API

Standard usage

Newton.newtonsolve — Function

newtonsolve(rf!, x0::AbstractVector, [cache::NewtonCache]; tol=1.e-6, maxiter=100)

Solve the nonlinear equation (system) r(x)=0 using the newton-raphson method by calling the mutating residual function rf!(r, x), with signature rf!(r::T, x::T)::T where T<:AbstractVector x0 is the initial guess and the optional cache can be preallocated by calling NewtonCache(x0). Note that x0 is not modified, unless aliased to getx(cache). tol is the tolerance for norm(r) and maxiter the maximum number of iterations.

returns x, drdx, converged::Bool

drdx is the derivative of r wrt. x at the returned x.

source

newtonsolve(rf, x0::T; tol=1.e-6, maxiter=100) where {T <: 
    Union{Number, StaticArrays.SVector, Tensors.Vec, Tensors.SecondOrderTensor}}

Solve the nonlinear equation (system) r(x)=0 using the newton-raphson method by calling the residual function r=rf(x), with signature rf(x::T)::T x0::T is the initial guess, tol the tolerance form norm(r), and maxiter the maximum number of iterations.

returns: x, drdx, converged::Bool

drdx is the derivative of r wrt. x at the returned x.

source

Newton.NewtonCache — Type

function NewtonCache(x::AbstractVector)

Create the cache used by the newtonsolve and linsolve!. Only a copy of x will be used.

source

Newton.getx — Function

getx(cache::NewtonCache)

Extract out the unknown values. This can be used to avoid allocations when solving defining the initial guess.

source

Newton.logging_mode — Function

Newton.logging_mode(; enable=true)

Helper to turn on (enable=true) or off (enable=false) logging of iterations in Newton.jl. Internally, changes the how Newton.@if_logging expr is evaluated: when logging mode is enabled, expr is evaluated, otherwise expr is ignored.

source

Fast inverse

Newton.inv! — Function

Newton.inv!(A::Matrix, cache::NewtonCache)

Utilize the LU decomposition from RecursiveFactorization.jl along with the non-exported LinearAlgebra.inv!(::LU) to calculate the inverse of A more efficient than inv(A). Note that A will be used as workspace and values should not be used after calling Newton.inv!

source

Use inside AD-calls

Newton.ad_newtonsolve — Function

ad_newtonsolve(rf, x0, rf_dual_args::Tuple; kwargs...)

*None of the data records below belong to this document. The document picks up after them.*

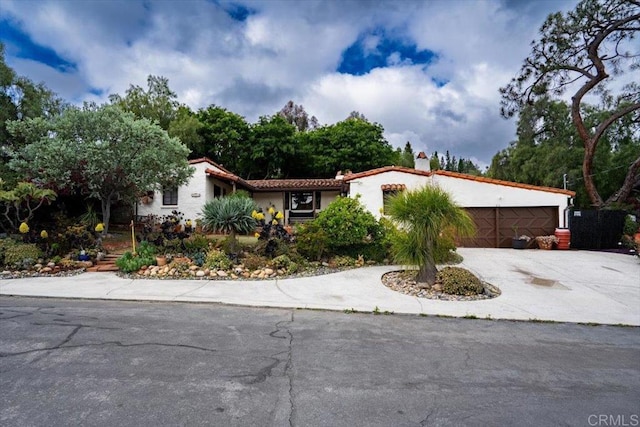 4210 Black Mountain Rd, La Mesa, CA 91941 - mediterranean / spanish house with concrete driveway, a chimney, an attached garage, and stucco siding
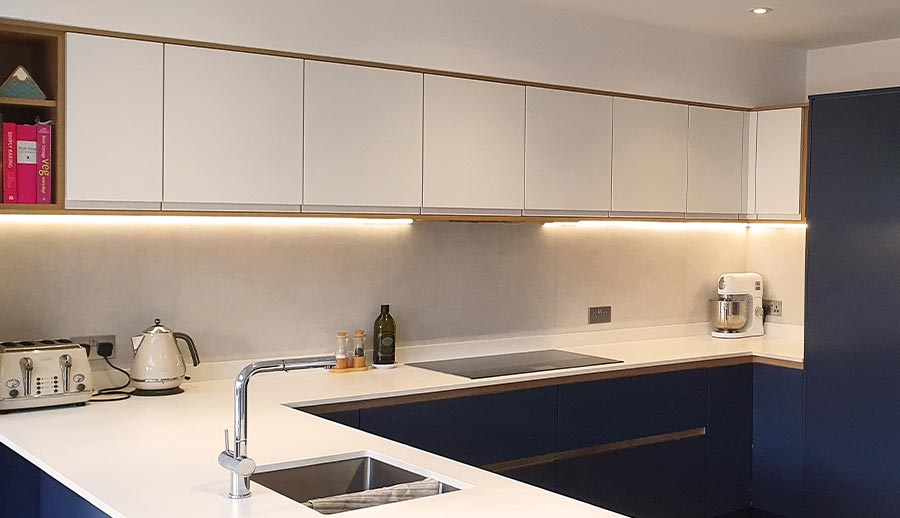 Blue and grey modern handleless kitchen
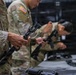 U.S. Army soldiers in MultiCam/OCP camouflage uniforms are conducting a weapons familiarization or maintenance training session indoors. Multiple personnel are handling disassembled firearms at a table, suggesting a field stripping or weapons inspection exercise. The setting appears to be an indoor training facility or armory.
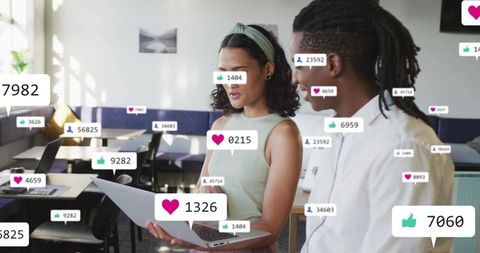Team reviewing social media engagement with floating reaction icons in modern workspace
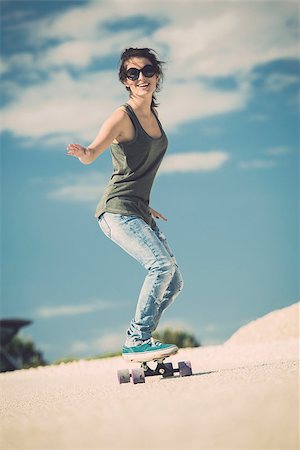 Young woman down the road with a skateboard Stock Photo - Budget Royalty-Free & Subscription, Code: 400-07896612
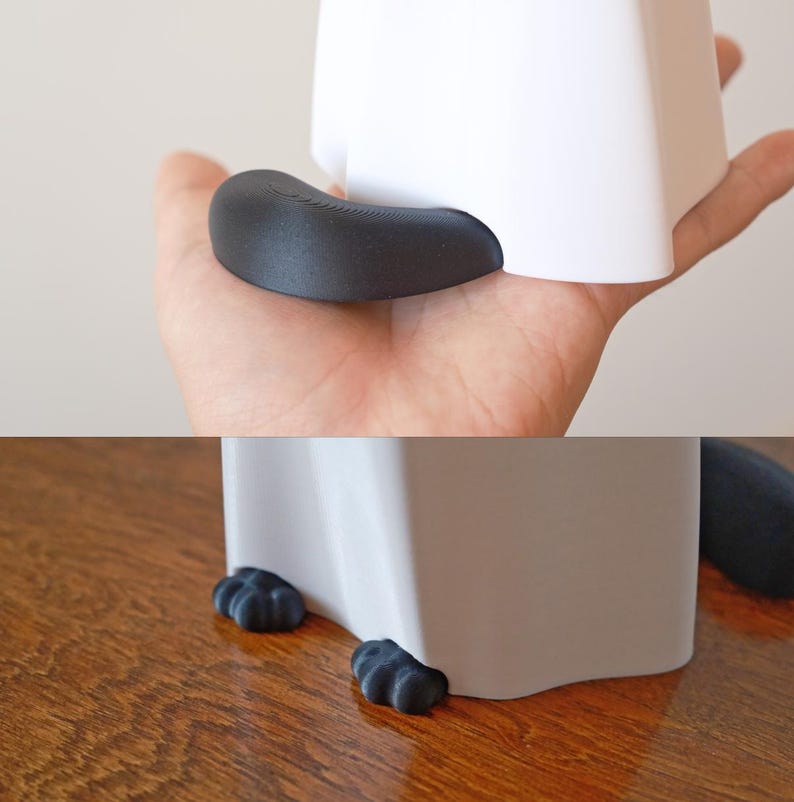May include: White ceramic planter with black cat paw feet. The planter has a rounded shape and a smooth surface. The cat paw feet are made of a soft, flexible material.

Solve rf(x, y₁(z), y₂(z), ...) = 0 to find x(y₁(z), y₂(z), ...), given the initial guess x0 as a non-dual number, and the dual input numbers rf_dual_args = (y₁(z), y₂(z), ...) where all are derivatives wrt. the same variable z. Return x of Dual type seeded such that it corresponds to the derivative dx/dz = ∂x/∂yᵢ ⋆ dyᵢ/dz where ⋆ is the appropriate contraction.

Implementation:

Uses the adjoint, i.e. dr/dyᵢ = 0 = ∂r/∂x ⋆ ∂x/∂yᵢ + ∂r/∂yᵢ ⇒ ∂x/∂yᵢ = -[∂r/∂x]⁻¹ ⋆ ∂r/∂yᵢ, such that we avoid doing newton iterations with dual numbers.

ad_newtonsolve(rf, x0, rf_args::Tuple; kwargs...)

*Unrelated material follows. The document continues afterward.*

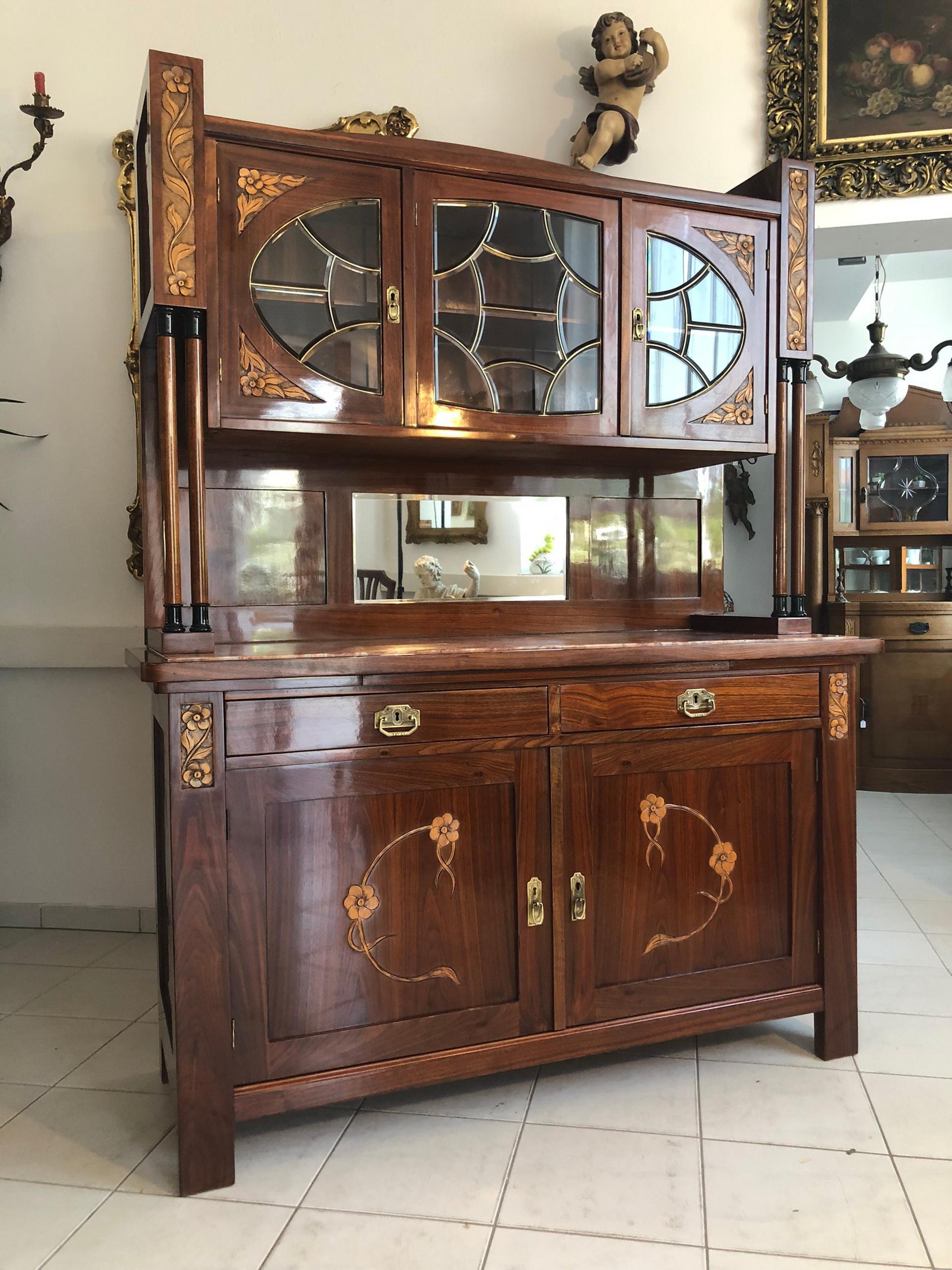 Unique and rare Jugendstil / Art Deco buffet cabinet with wonderful floral ornamentations and marquetry works. The design features double pillars on each side, fruitwood inlays on the doors and the outer frame, a central mirror, as well as a granite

If rf_args do not contain dual numbers, the standard newtonsolver is just called on f(x) = rf(x, y₁, y₂, ...), and the solution x is returned. This allows writing generic code where the gradient is sometimes required, but not always.

Example

using Newton, Tensors, ForwardDiff, BenchmarkTools
rf(x::Vec, a::Number) = a * x - (x ⋅ x) * x
function myfun!(outputs::Vector, inputs::Vector)
    x0 = ones(Vec{2}) # Initial guess
    a = inputs[1] + 2 * inputs[2]
    x, converged = ad_newtonsolve(rf, x0, (a,))
    outputs[1] = x ⋅ x
    outputs[2] = a * x[1]
    return outputs 
end
out = zeros(2); inp = [1.2, 0.5]
ForwardDiff.jacobian(myfun!, out, inp)

gives

2×2 Matrix{Float64}:
 1.0      2.0
 1.57321  3.14643

Note

The maximum length of rf_dual_args where it is highly efficient is currently 5. For longer length there will be a dynamic dispatch, but this number can be extended by adding more methods to the internal Newton.get_dual_results function.

source

This approach is faster then naively differentiating a call which includes a newtonsolve, as we avoid iterating using Dual numbers.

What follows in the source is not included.